The non-default mappings can be selected via the schema argument. E.g. to write out a factor column called 'name' as ENUM, use

write_parquet(..., schema = parquet_schema(name = "ENUM"))

The detailed mapping rules are listed below, in order of preference. These rules will likely change until nanoparquet reaches version 1.0.0.

  1. Factors (i.e. vectors that inherit the factor class) are converted to character vectors using as.character(), then written as a STRSXP (character vector) type. The fact that a column is a factor is stored in the Arrow metadata (see below), unless the nanoparquet.write_arrow_metadata option is set to FALSE.

  2. Dates (i.e. the Date class) is written as DATE logical type, which is an INT32 type internally.

  3. hms objects (from the hms package) are written as TIME(true, MILLIS). logical type, which is internally the INT32 Parquet type. Sub-milliseconds precision is lost.

  4. POSIXct objects are written as TIMESTAMP(true, MICROS) logical type, which is internally the INT64 Parquet type. Sub-microsecond precision is lost.

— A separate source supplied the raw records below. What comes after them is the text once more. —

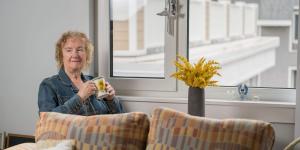 Woman sitting by a window with a mug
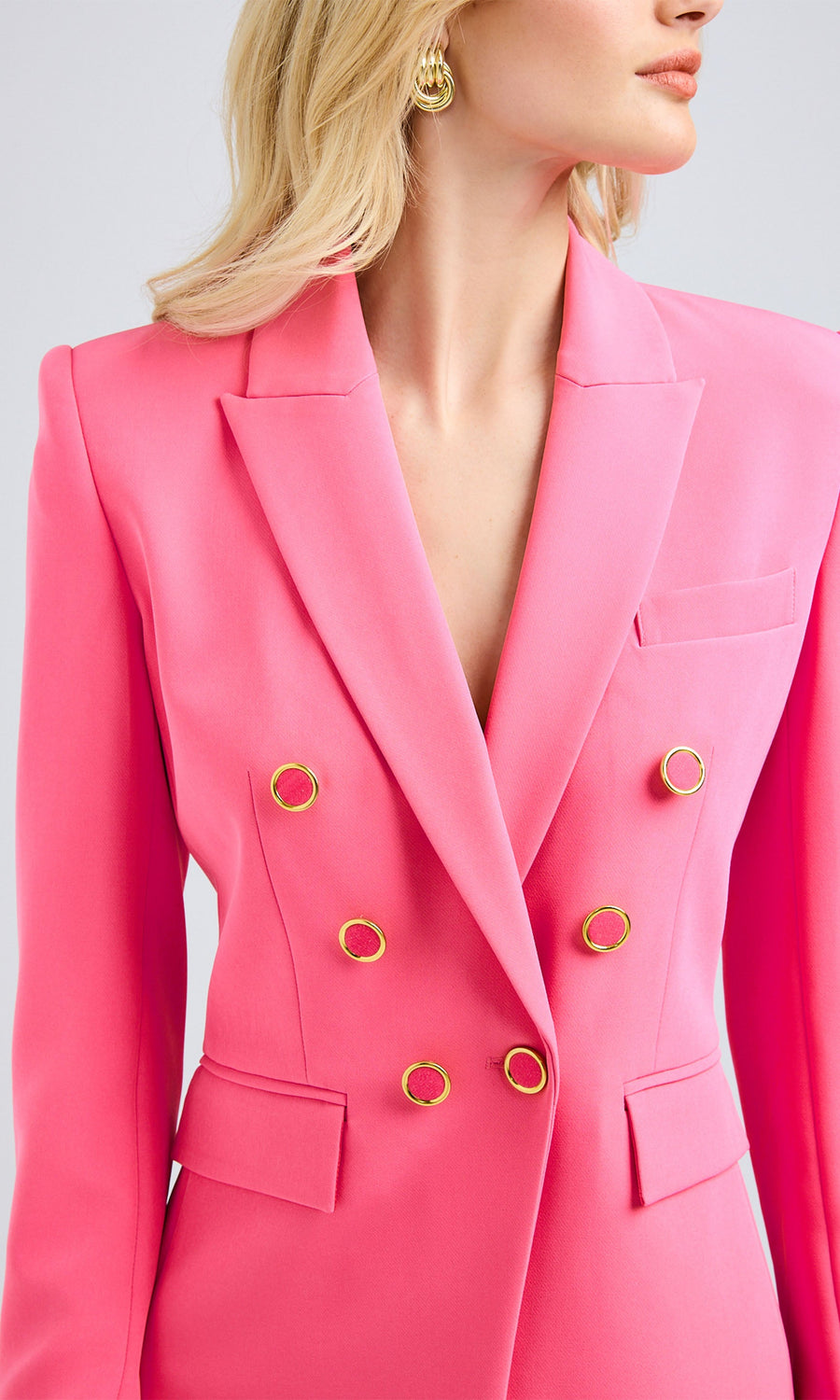 Close-up view highlighting the sharp lapels and pocket detailing, adding dimension to the structured design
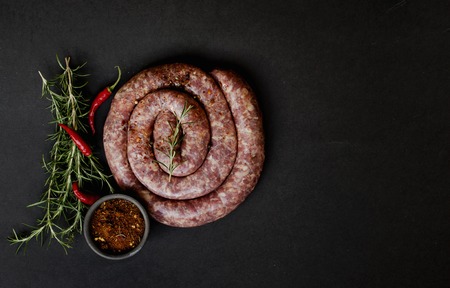raw beef sausages on a cast-iron pan with rosemary and spices on a wooden table, South African boereworsの写真素材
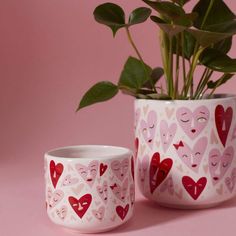 two cups with hearts painted on them are next to a potted plant and pink background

  5. difftime objects (that are not hms objects, see above), are written as an INT64 Parquet type, and noting in the Arrow metadata (see below) that this column has type Duration with NANOSECONDS unit.

  6. Integer vectors (INTSXP) are written as INT(32, true) logical type, which corresponds to the INT32 type.

  7. Real vectors (REALSXP) are written as the DOUBLE type.

  8. Character vectors (STRSXP) are written as the STRING logical type, which has the BYTE_ARRAY type. They are always converted to UTF-8 before writing.

  9. Logical vectors (LGLSXP) are written as the BOOLEAN type.

  10. Other vectors error currently.

You can use infer_parquet_schema() on a data frame to map R data types to Parquet data types.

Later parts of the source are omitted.